4.3. Testing¶
This section shows how to compare between 2 Pandas DataFrame or between 2 Pandas Series
4.3.1. assert_frame equal: Test Whether Two DataFrames are Similar¶
If you want to test whether two DataFrames are similar or how much they are different from each other, try pandas.testing.assert_frame_equal
.
from pandas.testing import assert_frame_equal
import pandas as pd
df1 = pd.DataFrame({'coll': [1,2,3], 'col2': [4,5,6]})
df2 = pd.DataFrame({'coll': [1,3,4], 'col2': [4,5,6]})
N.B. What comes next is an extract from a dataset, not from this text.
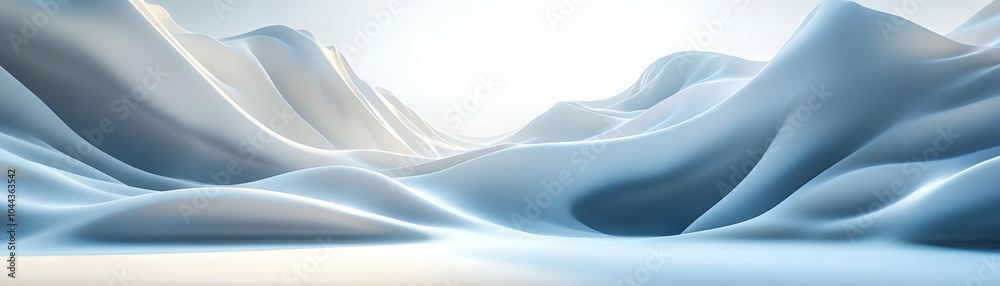 Abstract 3D Background of White Flowing Shapes Abstract 3D Background of White Flowing Shapes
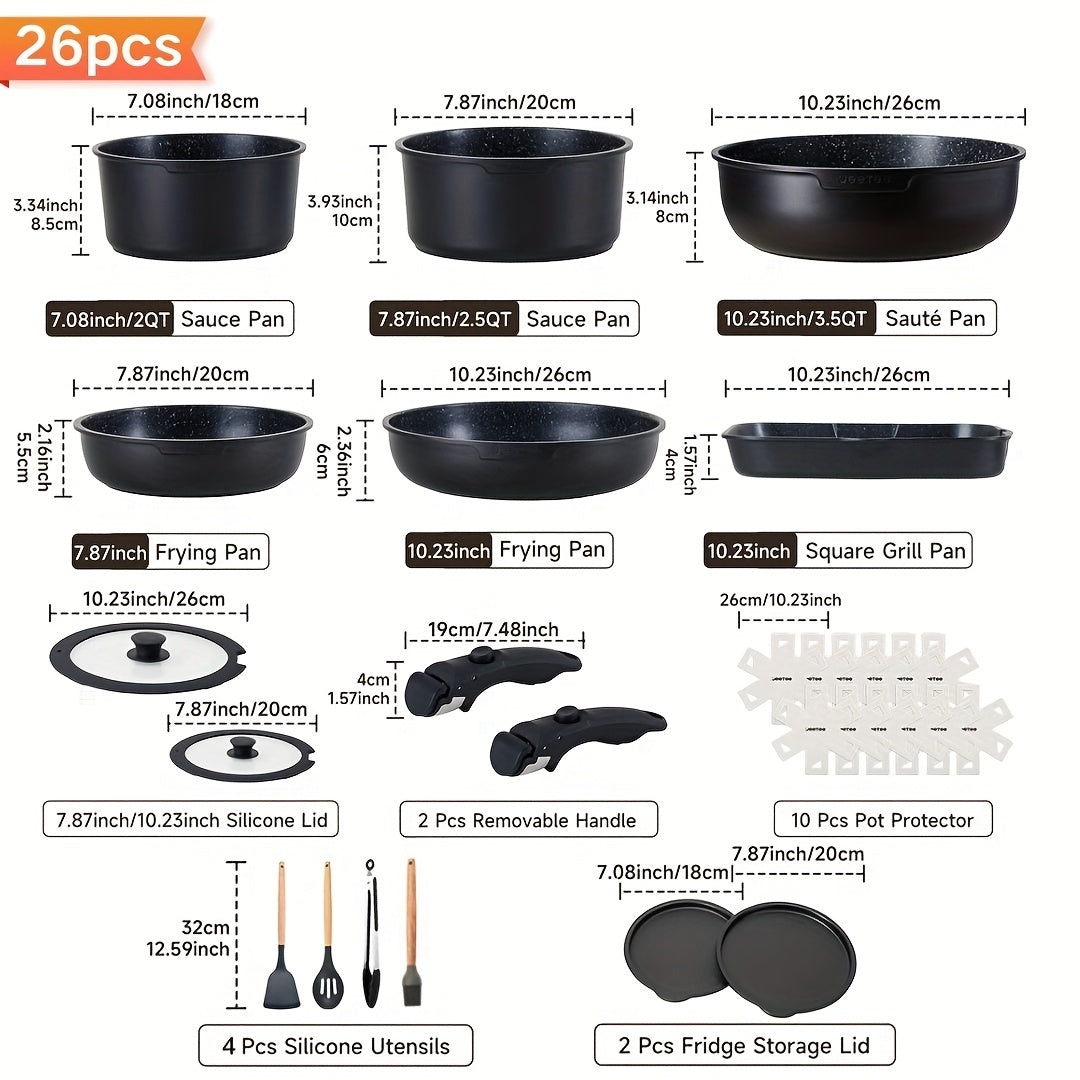 Six-piece Detachable Handle Pot Set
assert_frame_equal(df1, df2)
---------------------------------------------------------------------------
AssertionError Traceback (most recent call last)
/tmp/ipykernel_56620/3851828215.py in <module>
5 df1 = pd.DataFrame({'coll': [1,2,3], 'col2': [4,5,6]})
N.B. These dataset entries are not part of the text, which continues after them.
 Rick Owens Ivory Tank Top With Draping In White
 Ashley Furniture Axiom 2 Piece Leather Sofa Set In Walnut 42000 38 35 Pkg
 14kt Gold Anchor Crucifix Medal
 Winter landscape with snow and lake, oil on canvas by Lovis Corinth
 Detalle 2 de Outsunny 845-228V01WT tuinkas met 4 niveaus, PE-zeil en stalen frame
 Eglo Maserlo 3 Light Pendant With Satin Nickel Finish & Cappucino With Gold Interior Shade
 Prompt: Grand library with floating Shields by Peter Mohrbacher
6 df2 = pd.DataFrame({'coll': [1,3,4], 'col2': [4,5,6]})
----> 7 assert_frame_equal(df1, df2)
[... skipping hidden 2 frame]
~/book/venv/lib/python3.8/site-packages/pandas/_libs/testing.pyx in pandas._libs.testing.assert_almost_equal()
~/book/venv/lib/python3.8/site-packages/pandas/_libs/testing.pyx in pandas._libs.testing.assert_almost_equal()
~/book/venv/lib/python3.8/site-packages/pandas/_testing/asserters.py in raise_assert_detail(obj, message, left, right, diff, index_values)
663 msg += f"\n[diff]: {diff}"
664
--> 665 raise AssertionError(msg)
666
667
AssertionError: DataFrame.iloc[:, 0] (column name="coll") are different
DataFrame.iloc[:, 0] (column name="coll") values are different (66.66667 %)
[index]: [0, 1, 2]
[left]: [1, 2, 3]
[right]: [1, 3, 4]